If by chance I loose this book 
If by chance you find it 
Remember Kathleen is my name 
And Clayton comes behind it. 
 
The News Chronicle Song Book 1931
 
Around 1960, my father came home with a copy of The News Chronicle Song Book given to him by an acquaintance who lived in the East Riding village of Asselby. It was in a terrible state, but he stuck it back together and fitted a brown paper jacket on which he wrote: “This book was paper backed and repaired on a wet Thursday afternoon February 25th 1960 by [him, me and my brother]”. A father on his half-day off keeping his two children occupied during school half-term.
 
The introduction suggests:
Singing together is a form of amusement and delight. It is a glorious way in which we can, in large bodies, express something which we could not tell in any other way. But the love for Community Singing should be started and finished in the home. … With this Song Book the “News-Chronicle” hopes to encourage and bring back singing in our home. The Community Singing will take care of itself.
I wholeheartedly agree but have never been much of a community singer. Despite a good sense of pitch, I find it difficult to hear my own voice in groups. At home, though, yes. What fun it gave us. No one played an instrument, we just turned the pages and sang. 
 
The cover gives an idea of what it contains. Looking again now turns up some great favourites: 
  • Dashing Away With a Smoothing Iron 
  • Come Lasses and Lads 
  • Billy Boy 
  • David of the White Rock 
  • Ye Banks and Braes
  • Marching Through Georgia 
  • Camptown Races 
  • Go Down Moses 
  • A Roving 
  • Eternal Father 
  • O Come, All Ye Faithful 

Wow! How long a list can get I away with? All two hundred? I feel a sing-song coming on. 

‘Twas on a Monday morning … me Nancy kittl’d me fancy … doo-dah doo-dah … to trip it up and down … tell old Pharoah to … bring me the harp I adore … I’ll go no more a roving … in peril on the sea. 

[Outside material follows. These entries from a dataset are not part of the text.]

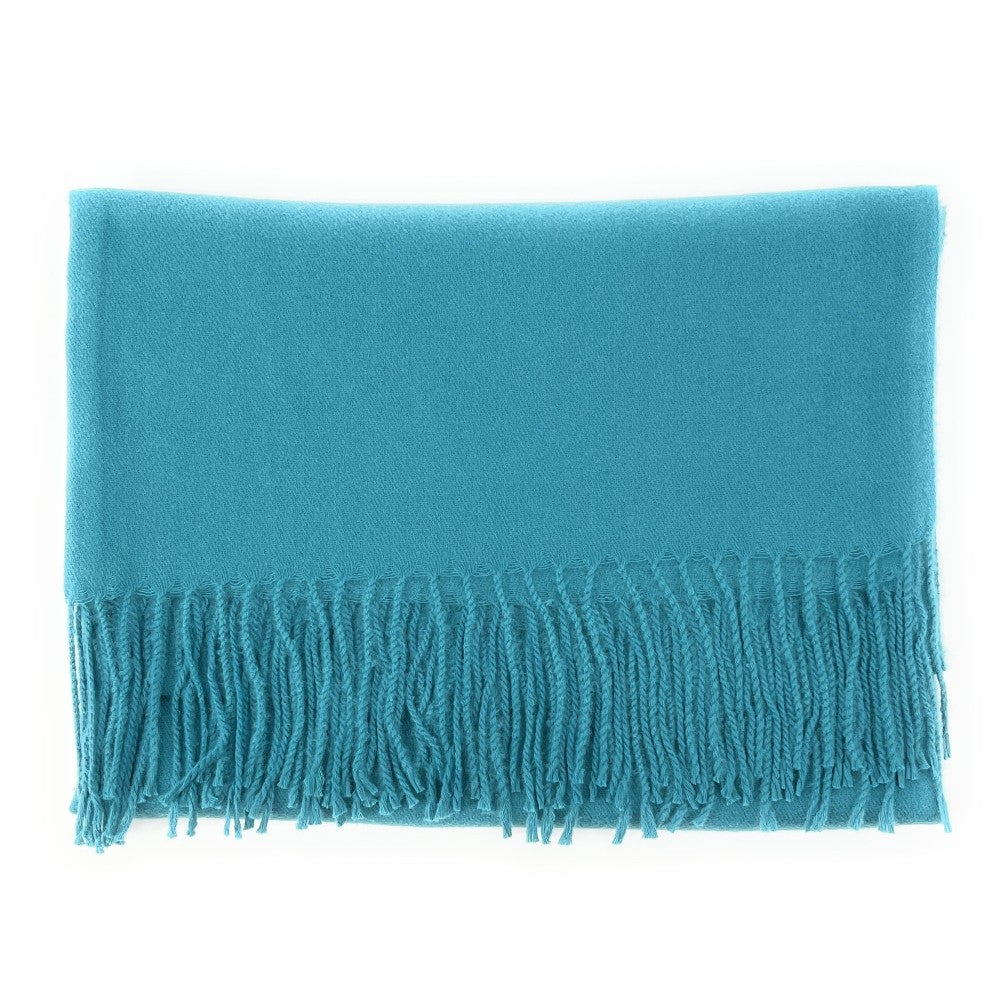 Foulard en laine, coton et viscose MISTRAL Bleu turquoise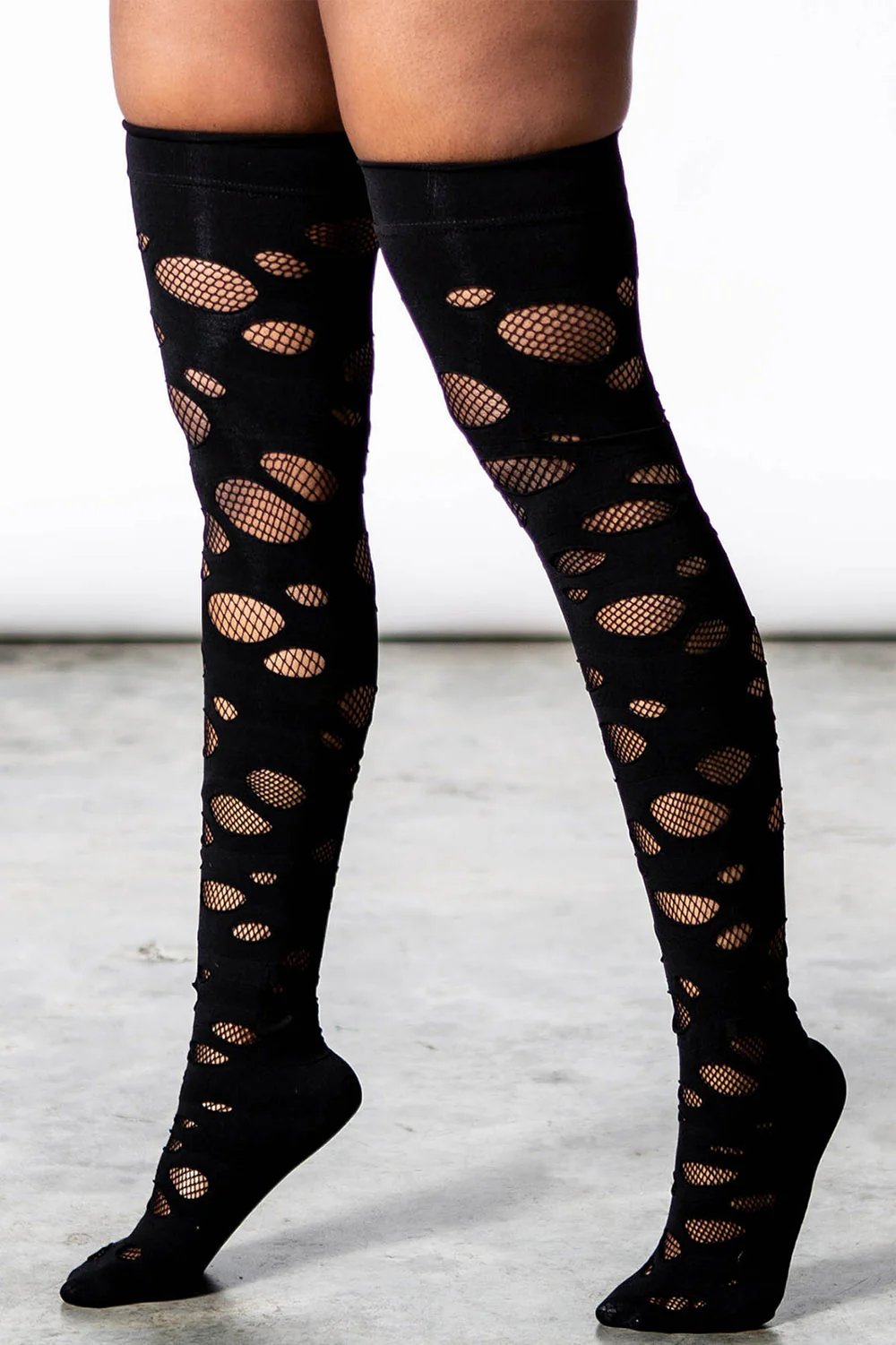 Wretched Soul Distress Socks [Black] - Image 2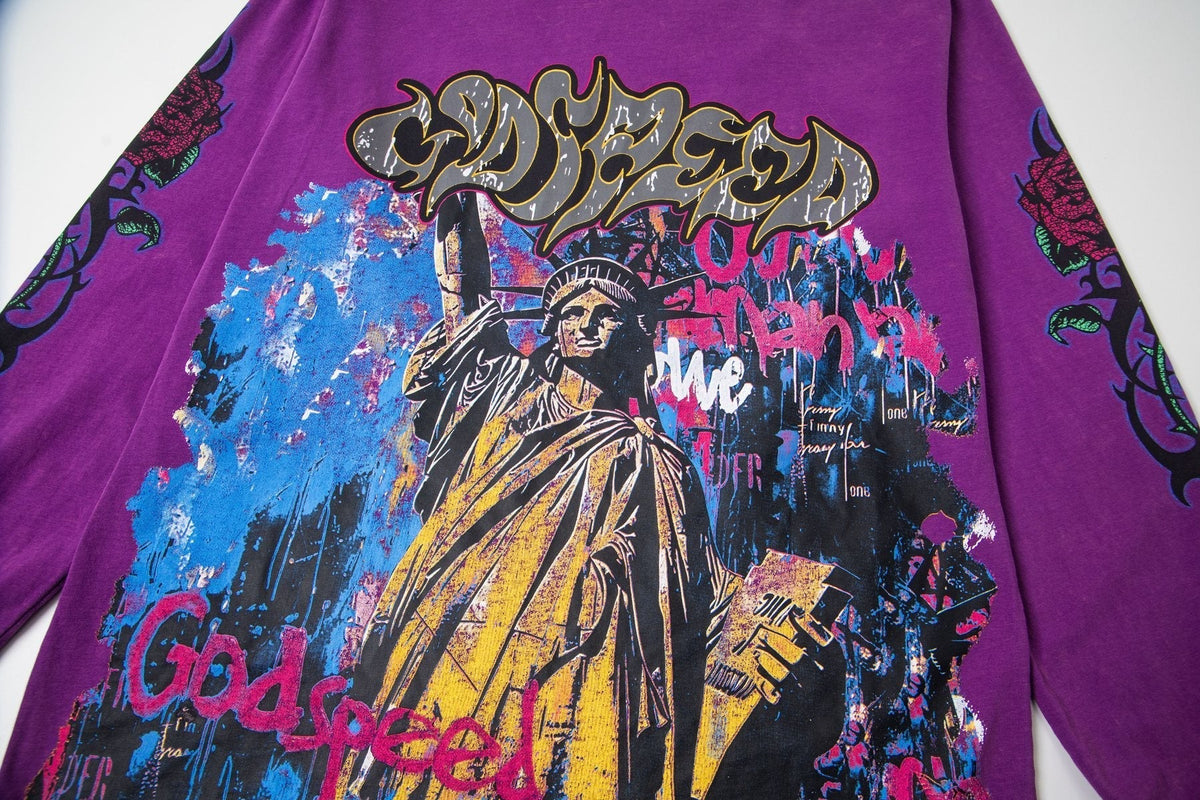 Godspeed E Pluribus Unum Graphic Long-Sleeve T-Shirt ¡ª detail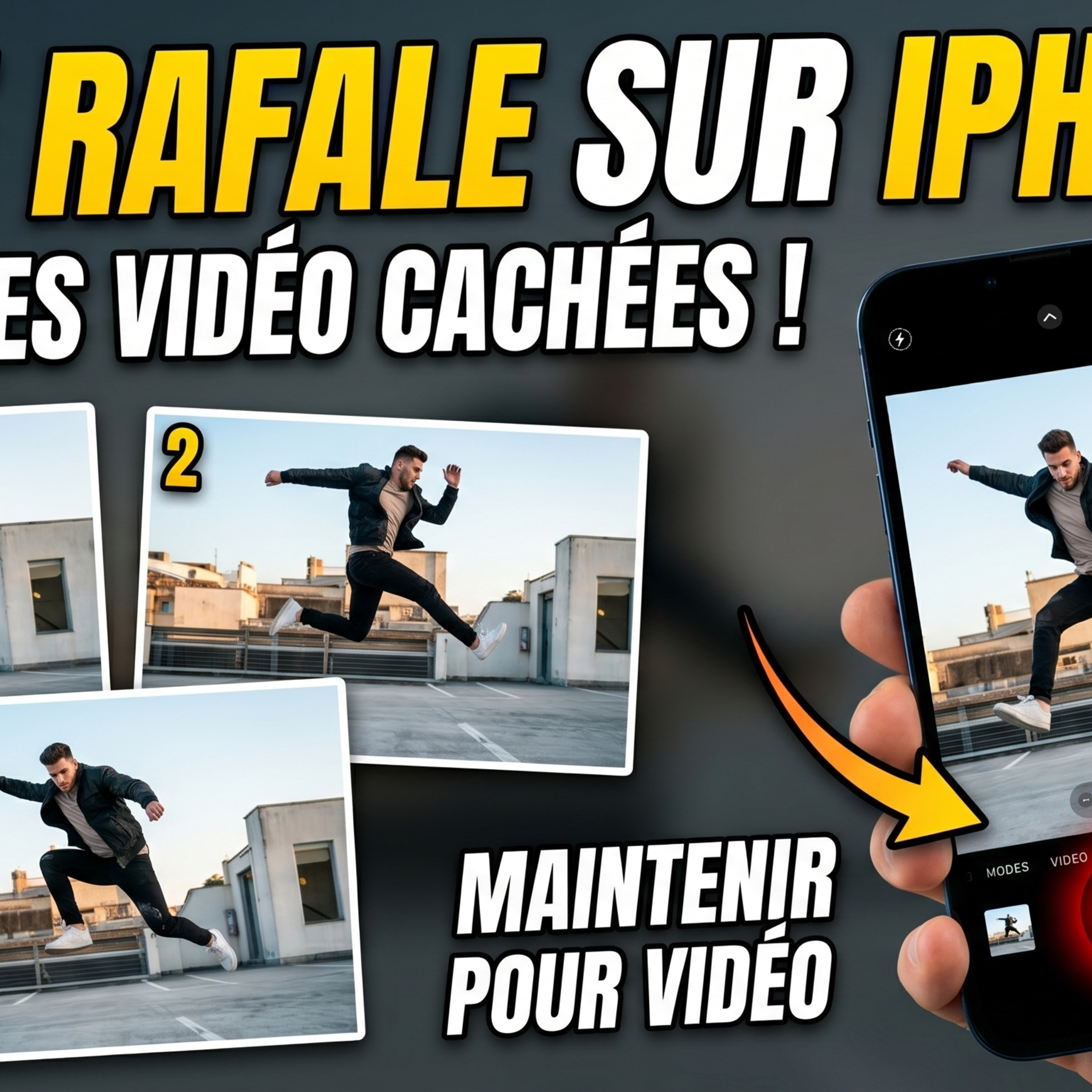 Comment Activer le Mode Rafale sur iPhone (+ 2 Astuces Vidéo Secrètes) ! 📸 episode artwork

                                                *                          *                          *
 
We have a tape recording from 1963 of one of my dad’s unselfconscious performances. His granddad had been a sea captain which, he said, conferred upon him an inherited natural aptitude in the delivery and interpretation of sea shanties. 
 
“And now from my sea shanty series,” he announces, his tongue in a twist, “the old song book page one hundred and twenty four: Bound for the Rio Grande.”
 
Two children mutter and snigger in the background. 
 
“One moment please.” 
 
Struggling to keep a serious demeanour and in tune, he begins to sing: “I’ll sing you a song of the fish of the sea ...” 
 
That must be one of the daftest opening lines of any song, ever, and it defeats him. A hesitant pause is followed by a total breakdown into helpless laughter. All three of us. 
 
 
I suppose the lyrics of some of these songs are questionable these days, but not as questionable as the lyrics we used to sing on guitar nights in Leeds where I lived after leaving school, where familiarity with these songs gave me malign influence. Imagine four twenty-ish-year-old lads in a shared house with guitars and bottles of beer.  
 
Tavern in the Town became a song about the television rent collector who was a creep, and what he did with sheep. So did Camptown Races with the “doo-dah”s changed to “dildo”s. They are stuck in my head forever, and, of course, unrepeatable. Except for the one to the tune of The Ball of Kirrimuir about the owner of the house who knew we would never do any cleaning so did it all himself in return for us doing his washing up: 
Dave does all the cleaning, and that’s a job he hates, 
And so to appease him we have to wash the plates. 
… possibly the only case where our version was less deplorable than the original (although you won’t find any such words in the book). 
 
The News Chronicle Song Book 1931

The book has given sixty years of pleasure and continues to do so (perhaps that’s for a later post), more than twice as long as the original owner assuming she got it new when published in 1931. Who was she, I often wondered, the girl who misspelt “lose”? I never thought to ask. The wonders of internet genealogy reveal she was born in 1924, married someone called Roantree in 1951, moved in later life to Bridlington and died in 2010. By the time her book passed to us, she had three children of her own. I never knew them despite being of similar age and from the same area. She must have written the inscription in the nineteen-thirties. Did she ever think of it again? 
 
I don’t know if anything remains of Sycamore Farm. All I remember of Asselby is a village on a road to nowhere, on a tongue of heavy mudstone between the confluence of the Rivers Ouse and Derwent, where there was once an awkward bend through a disused railway crossing. I went once or twice to the Black Swan pub there but preferred the Kings Head at the end of the road in Barmby-on-the-Marsh. They had a better dartboard.
 

Sunday 11 October 2020

Moon

The phases of the Moon viewed looking southward from the Northern Hemisphere (Orion8, Wikimedia Commons)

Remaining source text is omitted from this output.